Все началось с того, что Петя не пошел в гимназию, а вместо этого, засунув ранец за дрова, пошел на море. На гимназическом языке это называется пойти «на казну».
Он, конечно, понимал, что это большое преступление. Но он не сомневался, что его с радостью простят, когда увидят, сколько он наловил бычков.
Он был уверен, что принесет домой сотню больших, превосходных бычков. Он предвкушал триумф.
Кстати, во всем был виноват негодяй Колесничук.
Колесничук божился, крестился на церковь и ел землю, что знает на Среднем Фонтане место, где ловятся необыкновенные, сказочные бычки. Их можно легко и просто наловить две или даже три сотни. Их надо ловить обязательно в то время, когда дует особенный, чрезвычайно редкий ветер, который Колесничук называл загадочно «горищий-константинопольский».
В это утро под Петиными окнами появился негодяй Колесничук и стал делать знаки. По его красному, возбужденному лицу Петя сразу понял, что именно сегодня наконец задул «горищий-константинопольский».
Петя обжегся горячим чаем, выскочил во двор, засунул ранец за дрова, и они пошли, бодро шагая в ногу, на Средний Фонтан.
Действительно, дул «горищий-константинопольский», крепкий, довольно холодный ветер, и над взволнованным морем быстро шли – гряда за грядой – серые осенние тучи.
Мальчики сняли башмаки, подвернули штаны выше колен и по камешкам, над которыми пенилась сердитая вода, перебрались на скалы. Тут они, не теряя золотого времени, приготовили «куконы», для того чтобы нанизывать бычков, размотали с фанерных дощечек самоловы, наживили их сырым мясом, которое вынул из грязного носового платка Колесничук, и забросили со скалы в открытое море.
«Горищий-константинопольский», который должен был, по словам Колесничука, всячески содействовать улову, не только не содействовал, но, напротив, мешал, как мог. Он развел такую волну, что самоловы поминутно сносило и путало. Их все время приходилось распутывать. Мутные волны, полные тины, весьма напоминающие зеленый борщ, со всех сторон, как-то беспорядочно, били в скалу и окатывали мальчиков с ног до головы, как из ушата.
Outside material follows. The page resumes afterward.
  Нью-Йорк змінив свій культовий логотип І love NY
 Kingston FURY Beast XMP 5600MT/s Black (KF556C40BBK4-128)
Они с трудом удерживались на скользком камне, цепляясь озябшими пальцами за трещины. Это было мученье.
Разумеется, они не поймали ни одного бычка. Но они не хотели сдаваться. С упорством отчаяния они продолжали распутывать проклятые самоловы, наживлять и снова забрасывать. Проклятый «горищий-константинопольский» крутил и раздувал леску, вырывал из воды пустые крючки и норовил всадить их в глаз или в ухо. И вдруг новые Петины башмаки, стоявшие на скале, – превосходные новенькие штиблеты, только что приобретенные в магазине Яковенко, легко скользнули и, как во сне, канули в воду. Канули вместе со своими новенькими гвоздиками, союзками, рантами, крючками, зелеными ушками и шнурками. Они булькнули и канули в пучину, покрытые омерзительно-зеленой волной.